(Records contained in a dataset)
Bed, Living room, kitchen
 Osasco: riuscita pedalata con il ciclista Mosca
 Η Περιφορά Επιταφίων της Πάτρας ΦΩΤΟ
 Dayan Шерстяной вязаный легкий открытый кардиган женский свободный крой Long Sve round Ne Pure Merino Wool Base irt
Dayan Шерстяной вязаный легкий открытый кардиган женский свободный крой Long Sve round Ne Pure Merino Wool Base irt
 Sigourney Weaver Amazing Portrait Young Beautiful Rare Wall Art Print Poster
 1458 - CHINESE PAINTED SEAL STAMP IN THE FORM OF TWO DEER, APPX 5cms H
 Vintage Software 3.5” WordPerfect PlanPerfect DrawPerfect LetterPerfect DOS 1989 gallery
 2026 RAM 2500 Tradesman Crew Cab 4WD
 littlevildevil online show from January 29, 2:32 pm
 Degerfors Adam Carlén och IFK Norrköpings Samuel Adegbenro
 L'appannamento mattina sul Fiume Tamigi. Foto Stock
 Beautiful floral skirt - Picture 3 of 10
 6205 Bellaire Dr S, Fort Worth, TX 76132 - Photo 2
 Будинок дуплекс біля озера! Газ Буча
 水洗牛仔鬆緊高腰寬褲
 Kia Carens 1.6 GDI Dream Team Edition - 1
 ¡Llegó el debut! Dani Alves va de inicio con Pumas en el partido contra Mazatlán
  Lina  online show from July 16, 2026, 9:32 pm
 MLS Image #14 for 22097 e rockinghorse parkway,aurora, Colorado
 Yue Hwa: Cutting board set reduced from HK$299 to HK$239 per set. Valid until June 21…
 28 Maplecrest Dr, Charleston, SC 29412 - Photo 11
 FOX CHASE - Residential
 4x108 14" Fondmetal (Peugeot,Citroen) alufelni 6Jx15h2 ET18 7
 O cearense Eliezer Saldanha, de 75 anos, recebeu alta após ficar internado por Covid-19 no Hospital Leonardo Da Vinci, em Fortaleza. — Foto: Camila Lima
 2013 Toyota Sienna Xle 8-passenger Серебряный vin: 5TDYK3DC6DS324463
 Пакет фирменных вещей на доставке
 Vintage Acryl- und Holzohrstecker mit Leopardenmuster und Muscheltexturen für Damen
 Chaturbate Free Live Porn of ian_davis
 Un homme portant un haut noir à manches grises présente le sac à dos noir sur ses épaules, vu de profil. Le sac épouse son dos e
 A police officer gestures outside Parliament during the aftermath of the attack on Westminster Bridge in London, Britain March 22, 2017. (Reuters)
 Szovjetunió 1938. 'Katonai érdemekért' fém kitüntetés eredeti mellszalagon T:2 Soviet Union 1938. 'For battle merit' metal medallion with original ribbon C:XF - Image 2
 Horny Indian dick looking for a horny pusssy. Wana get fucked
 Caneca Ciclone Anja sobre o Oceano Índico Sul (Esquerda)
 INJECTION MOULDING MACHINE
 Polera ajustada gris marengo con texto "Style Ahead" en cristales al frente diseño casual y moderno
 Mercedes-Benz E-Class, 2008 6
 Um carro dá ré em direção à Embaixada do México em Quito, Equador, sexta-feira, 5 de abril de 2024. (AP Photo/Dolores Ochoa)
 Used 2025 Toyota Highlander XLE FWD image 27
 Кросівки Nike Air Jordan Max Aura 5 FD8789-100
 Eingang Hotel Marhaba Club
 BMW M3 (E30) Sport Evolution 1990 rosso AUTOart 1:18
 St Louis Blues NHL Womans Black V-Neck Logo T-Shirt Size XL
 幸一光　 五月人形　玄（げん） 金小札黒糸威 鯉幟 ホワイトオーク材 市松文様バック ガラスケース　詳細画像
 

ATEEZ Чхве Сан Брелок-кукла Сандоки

- How to complete this task -
Return every record in full, word for word.

- Result of the exercise -
Bed, Living room, kitchen
 Osasco: riuscita pedalata con il ciclista Mosca
 Η Περιφορά Επιταφίων της Πάτρας ΦΩΤΟ
 Dayan Шерстяной вязаный легкий открытый кардиган женский свободный крой Long Sve round Ne Pure Merino Wool Base irt
Dayan Шерстяной вязаный легкий открытый кардиган женский свободный крой Long Sve round Ne Pure Merino Wool Base irt
 Sigourney Weaver Amazing Portrait Young Beautiful Rare Wall Art Print Poster
 1458 - CHINESE PAINTED SEAL STAMP IN THE FORM OF TWO DEER, APPX 5cms H
 Vintage Software 3.5” WordPerfect PlanPerfect DrawPerfect LetterPerfect DOS 1989 gallery
 2026 RAM 2500 Tradesman Crew Cab 4WD
 littlevildevil online show from January 29, 2:32 pm
 Degerfors Adam Carlén och IFK Norrköpings Samuel Adegbenro
 L'appannamento mattina sul Fiume Tamigi. Foto Stock
 Beautiful floral skirt - Picture 3 of 10
 6205 Bellaire Dr S, Fort Worth, TX 76132 - Photo 2
 Будинок дуплекс біля озера! Газ Буча
 水洗牛仔鬆緊高腰寬褲
 Kia Carens 1.6 GDI Dream Team Edition - 1
 ¡Llegó el debut! Dani Alves va de inicio con Pumas en el partido contra Mazatlán
  Lina  online show from July 16, 2026, 9:32 pm
 MLS Image #14 for 22097 e rockinghorse parkway,aurora, Colorado
 Yue Hwa: Cutting board set reduced from HK$299 to HK$239 per set. Valid until June 21…
 28 Maplecrest Dr, Charleston, SC 29412 - Photo 11
 FOX CHASE - Residential
 4x108 14" Fondmetal (Peugeot,Citroen) alufelni 6Jx15h2 ET18 7
 O cearense Eliezer Saldanha, de 75 anos, recebeu alta após ficar internado por Covid-19 no Hospital Leonardo Da Vinci, em Fortaleza. — Foto: Camila Lima
 2013 Toyota Sienna Xle 8-passenger Серебряный vin: 5TDYK3DC6DS324463
 Пакет фирменных вещей на доставке
 Vintage Acryl- und Holzohrstecker mit Leopardenmuster und Muscheltexturen für Damen
 Chaturbate Free Live Porn of ian_davis
 Un homme portant un haut noir à manches grises présente le sac à dos noir sur ses épaules, vu de profil. Le sac épouse son dos e
 A police officer gestures outside Parliament during the aftermath of the attack on Westminster Bridge in London, Britain March 22, 2017. (Reuters)
 Szovjetunió 1938. 'Katonai érdemekért' fém kitüntetés eredeti mellszalagon T:2 Soviet Union 1938. 'For battle merit' metal medallion with original ribbon C:XF - Image 2
 Horny Indian dick looking for a horny pusssy. Wana get fucked
 Caneca Ciclone Anja sobre o Oceano Índico Sul (Esquerda)
 INJECTION MOULDING MACHINE
 Polera ajustada gris marengo con texto "Style Ahead" en cristales al frente diseño casual y moderno
 Mercedes-Benz E-Class, 2008 6
 Um carro dá ré em direção à Embaixada do México em Quito, Equador, sexta-feira, 5 de abril de 2024. (AP Photo/Dolores Ochoa)
 Used 2025 Toyota Highlander XLE FWD image 27
 Кросівки Nike Air Jordan Max Aura 5 FD8789-100
 Eingang Hotel Marhaba Club
 BMW M3 (E30) Sport Evolution 1990 rosso AUTOart 1:18
 St Louis Blues NHL Womans Black V-Neck Logo T-Shirt Size XL
 幸一光　 五月人形　玄（げん） 金小札黒糸威 鯉幟 ホワイトオーク材 市松文様バック ガラスケース　詳細画像
 

ATEEZ Чхве Сан Брелок-кукла Сандоки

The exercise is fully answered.